Estratto dell’articolo di Sandra Riccio per www.lastampa.it
«Un passaggio enorme, un colpo durissimo» dice Paul Krugman. Pochi minuti dopo lo stop della Corte Suprema al “70 per cento dei dazi” di Trump, l’economista americano, coscienza liberal d’America, interviene sulla sua pagina Substack per spiegare una decisione che avrà impatti profondi e «ridimensiona profondamente il potere» dell’amministrazione a stelle e strisce.
«Non è una sorpresa — ragiona — che l’utilizzo dell’Emergency Economic Powers Act fosse illegittimo: era piuttosto evidente».
LA CORTE SUPREMA USA BOCCIA I DAZI DI DONALD TRUMP
[...] «la legge concede al presidente ampi poteri in caso di emergenza economica internazionale, ma non attribuisce automaticamente il potere di imporre dazi. Trump, peraltro, sosteneva che l’economia fosse "fantastica”, la migliore mai vista. Come si può affermare questo e, allo stesso tempo, dichiarare un’emergenza tale da giustificare l’imposizione delle tariffe?».

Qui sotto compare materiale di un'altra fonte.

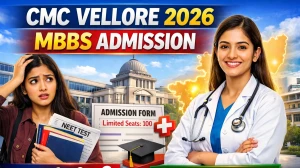 Tamil Nadu NEET MBBS Admissions 2026: CMC Vellore Registration Begins – Dates, Eligibility & How to Apply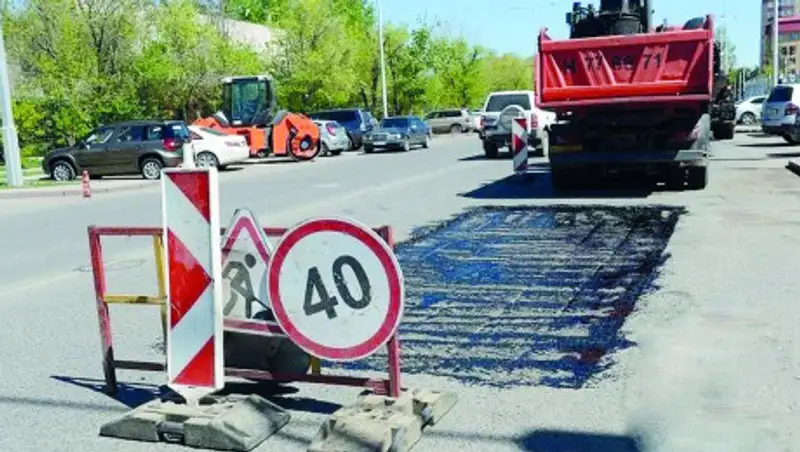 2 августа в Нур-Султане частично перекроют улицу Жиенкулова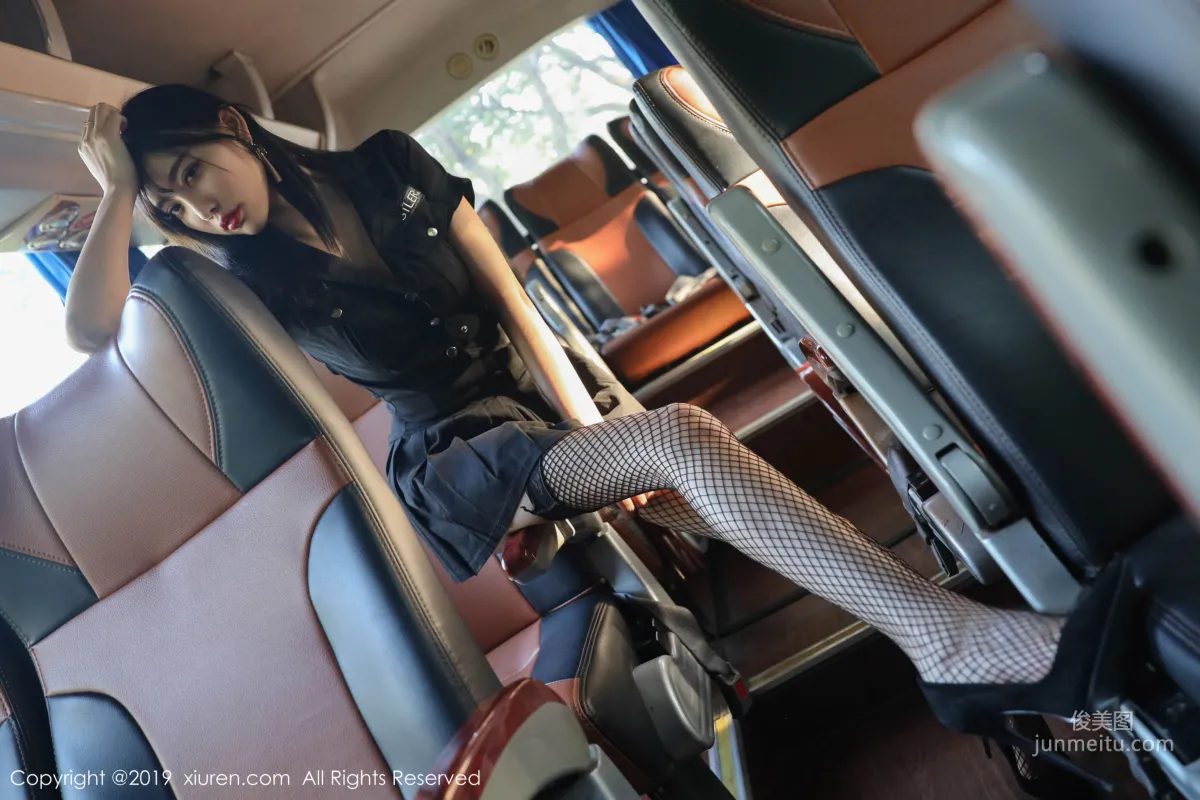 Yang Chenchen sugar, Bus Shooting Special [XiuRen] No.1771 Photo Set photo 10
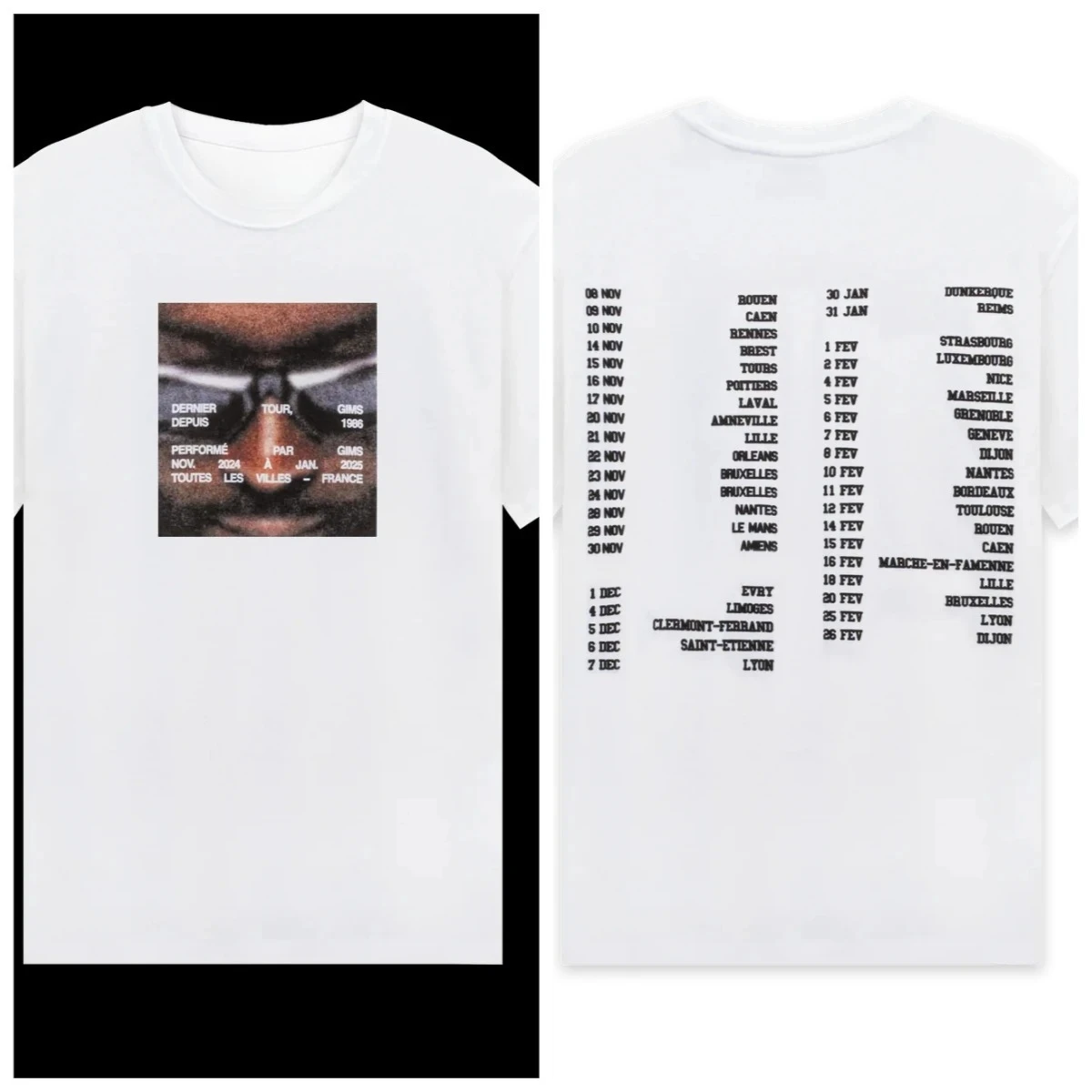 Vintage French Hip Hop Singer Hiphop Fahion GIMS T-shirt Men Fashion Tshirts Male Hip Hop Gothic Unseix Tees Top
Vintage French Hip Hop Singer Hiphop Fahion GIMS T-shirt Men Fashion Tshirts Male Hip Hop Gothic Unseix Tees Top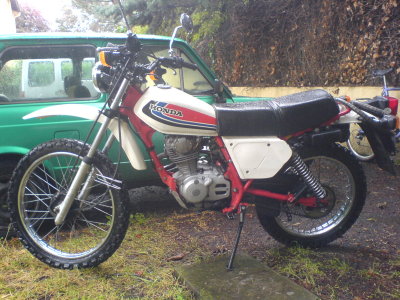 Honda 125 Xls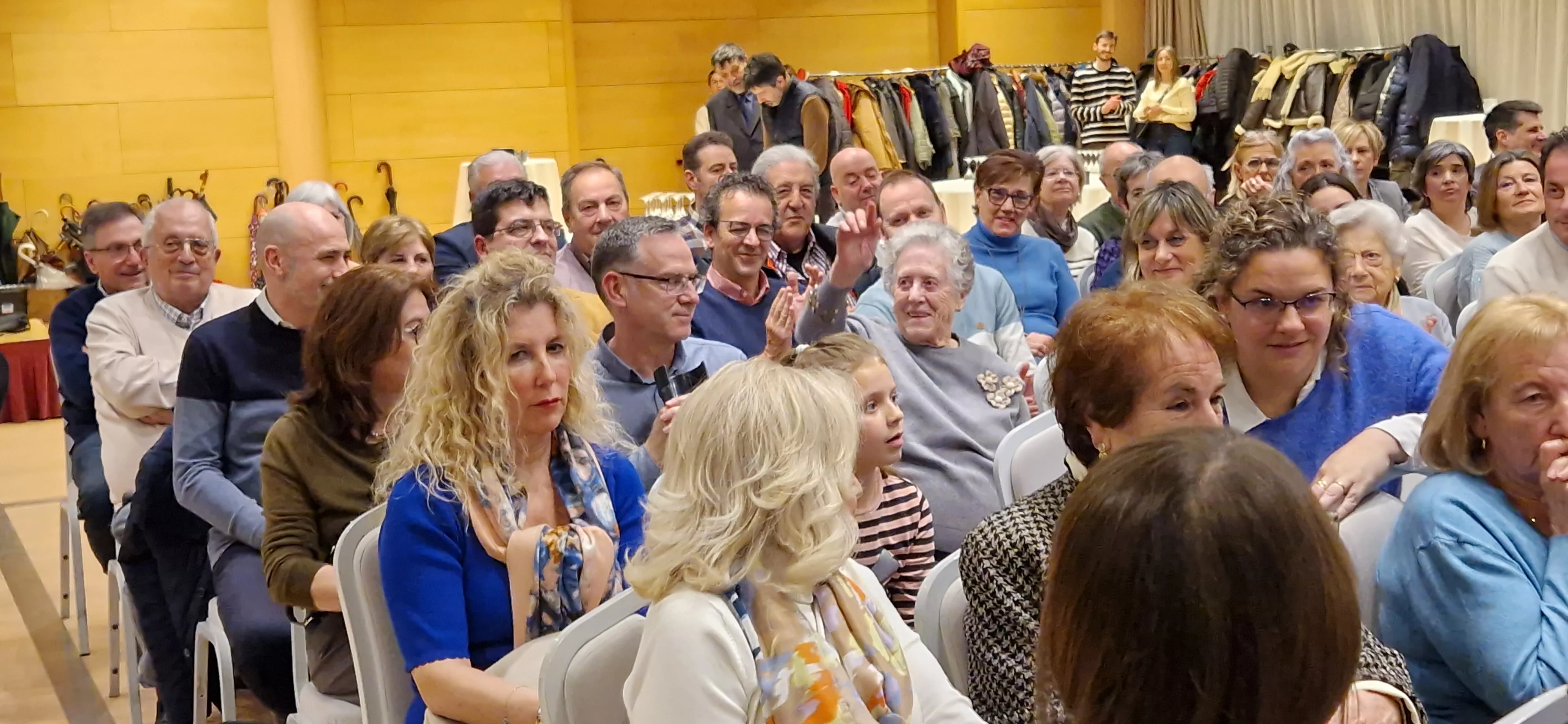 Treinta aniversario de la Residencia Avenida de Huesca. Foto Myriam Martínez 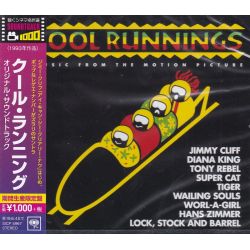 COOL RUNNINGS [REGGAE NA LODZIE] - MUSIC FROM THE MOTION PICTURE (1 CD) - WYDANIE JAPOŃSKIE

Domanda retorica. La decisione dei giudici, spiega Krugman, è significativa “soprattutto” perché assunta “da parte di una Corte che in passato ha mostrato ampia deferenza verso” The Donald. «L’implicazione — prosegue — è chiara: se il Congresso approva dei dazi, allora possono essere applicati. Ma il presidente non può introdurli unilateralmente invocando un’emergenza che, nei fatti, non esisteva».
Resta aperta, secondo Krugman, la questione dei fondi già incassati attraverso quei dazi. «Se sono stati dichiarati illegittimi, è difficile sostenere che il governo possa trattenere centinaia di milioni di dollari riscossi dalle imprese. Costi che, in larga parte, sono stati poi trasferiti sui consumatori». [...]
Sul piano economico, Krugman è più cauto: «l’impatto diretto dei dazi era probabilmente più contenuto di quanto molti temessero. Il vero problema è stata l’incertezza generata dalla loro introduzione. E non è detto che questa decisione basti a dissiparla del tutto».